The French Open has been postponed by a week due to Covid-19 measures in the country. The French Tennis Federation confirmed on Thursday that the second major of 2021 will be moving to a 30 May start instead of 23 May, with the tournament now due to finish on 13 June. The postponement means that there will only be a two-week gap between Roland Garros and Wimbledon, with the grass-court season cut by one week as a result.
The FFT’s decision to move the tournament back a week comes in the wake of France entering a third national lockdown, with the anticipation that Covid measures will relax from 1 June. This could potentially allow the tournament a greater number of fans and hospitality partners on-site in Paris. The clay-court season started this week.
Shortly after Roland Garrros’s announcement, the ATP and WTA released a joint statement noting the necessity of an “agile approach to the calendar” while Wimbledon confirmed the shortening of the grass-court season.
Roland Garros has assumed the week in the calendar reserved for the Nottingham Open women’s event, the men’s Mercedes Cup in Stuttgart and the mixed Libéma Open in the Netherlands. Those tournaments may now be forced to move back in order to avoid clashing with the major or potentially even cancel for 2021. In a statement, the LTA – which organises the Nottingham event – said it is “currently looking at the implications for our events and if we will need to make changes to our calendar”.
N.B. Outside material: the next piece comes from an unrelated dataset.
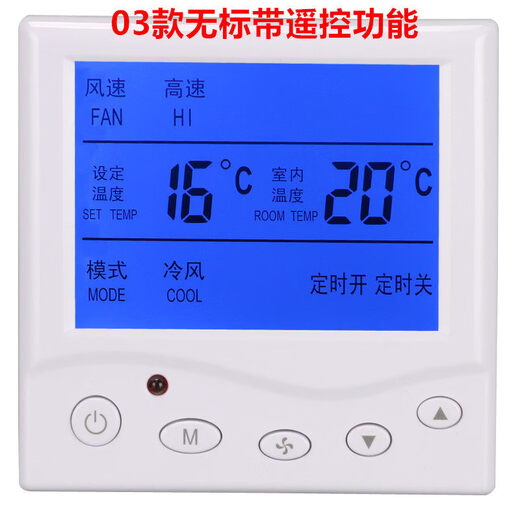 York model YORK water-cooled central air conditioner LCD thermostat ventilator coil control panel three-speed switch York air conditioner and floor heating two-in-one + linkage + wifi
For this reason, the postponement has not been received kindly by all. Alizé Cornet, the veteran French player and world No 59, was told the news late on Wednesday night while being interviewed on Tennis Channel: “It stays between us, but our sport minister [Roxana Maracineanu] is a disaster,” Cornet said. “I’m sorry, I have nothing against her but she only takes bad decisions for sports. It’s like she doesn’t care. I know it comes from the government, I’m pretty sure. It might also come from the tournament … But still, I think it’s a pretty selfish decision to be because the calendar is going to suffer from this postponement.”